The levels were found to be lower across all MS subtypes, but particularly so in people with secondary progressive MS.
The research, published in Therapeutic Advances in Neurological Disorders, was titled ‘Reduced serum immunoglobulin G concentrations in multiple sclerosis: prevalence and association with disease-modifying therapy and disease course.’
Scientists at Bern University Hospital, University of Bern, Switzerland, examined the link between antibodies, targeted therapies, and disease characteristics in people with MS. They analysed 327 patients from two hospitals and found that 15.3 per cent of MS patients had less than 700 mg/dL of an antibody type called immunoglobulin (IgG), which is considered the normal level. These levels were significantly higher than the control group’s percentage, which was 3.5 per cent. Two other types of antibodies, IgA and IgM, were found to be lower in people with MS, but the differences were not statistically significant.

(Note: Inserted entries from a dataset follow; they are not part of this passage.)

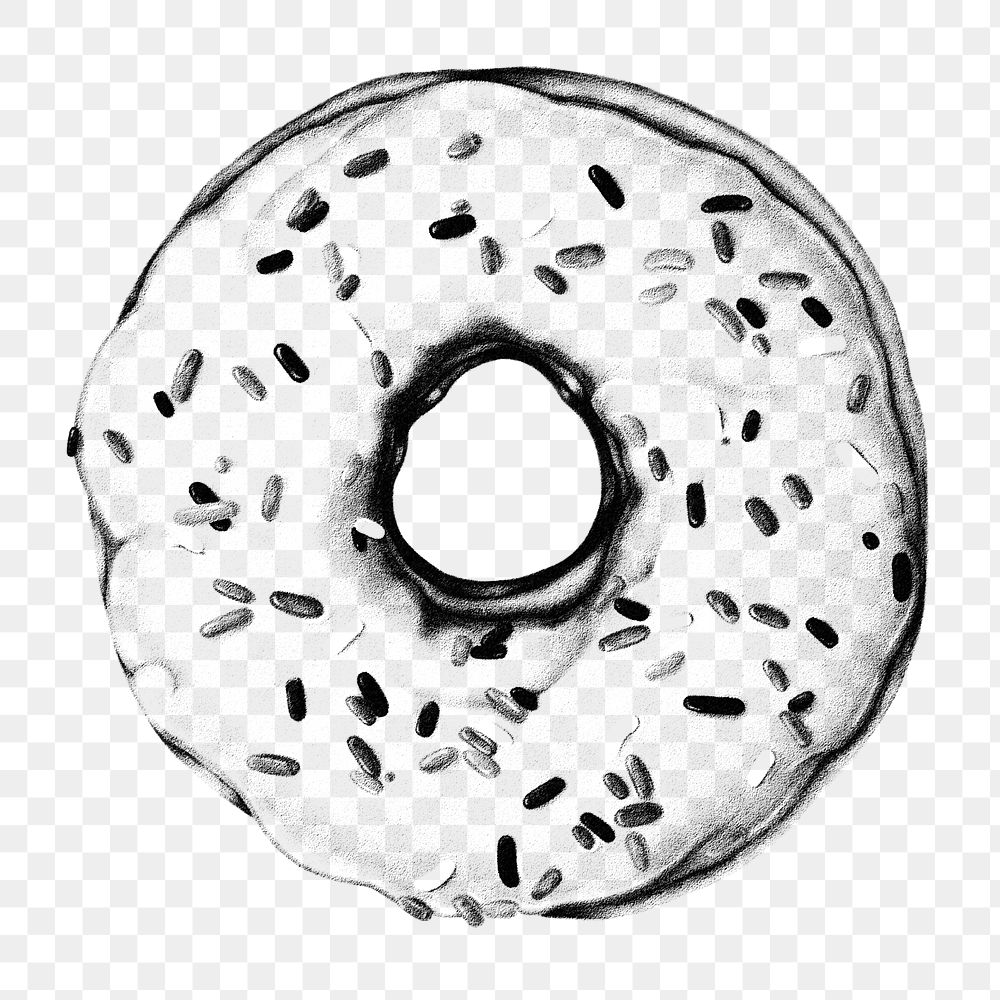 Black and white glazed doughnut drawing style overlay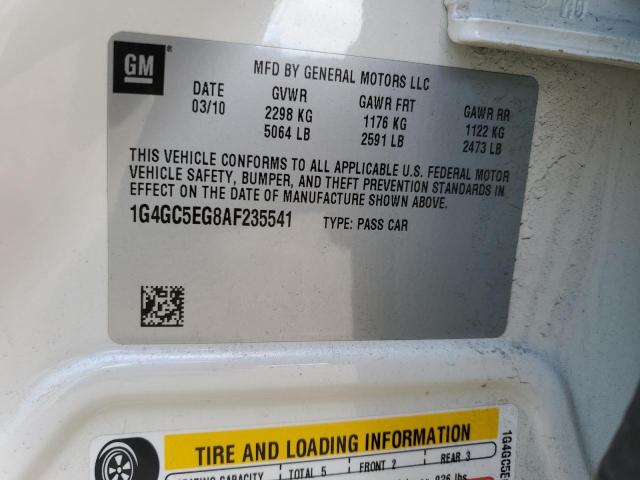 1G4GC5EG8AF235541 - 2010 BUICK LACROSSE CXL Սպիտակ լուսանկար 12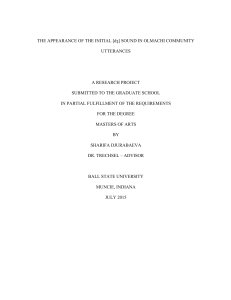 THE APPEARANCE OF THE INITIAL [dʒ] SOUND IN OLMACHI COMMUNITY UTTERANCES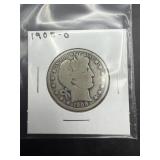 1908-o Barber Silver Half Dollar. New Orleans Mint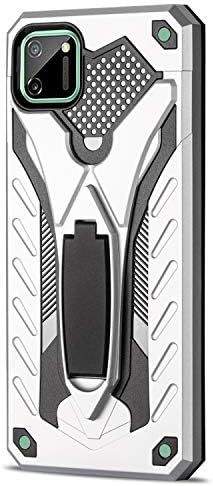 Hicaseer Kapak için Realme C11, 2 in 1 Daralan Kickstand Hibrid Kapak Çift Katmanlı Sert PC ile Yumuşak TPU Tampon Darbeye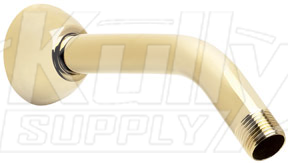 Speakman S-2500-PB 7" Brass Arm & Flange w/ 1/2" MNPT Inlet & Outlet - Polished Brass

People in the study being treated with disease-modifying drugs had significantly lower levels than those not on any active treatment, but what was somewhat unexpected was that even in those not being treated, around 8.1 per cent had IgG levels below the normal level.
The researchers also found those with secondary progressive MS had significantly lower IgG levels than those with primary progressive MS – 750 mg/dL versus 940 mf/dL.
Researchers said they believe monitoring IgG levels could be helpful in avoiding dangerously low antibody levels that could predispose people to infections.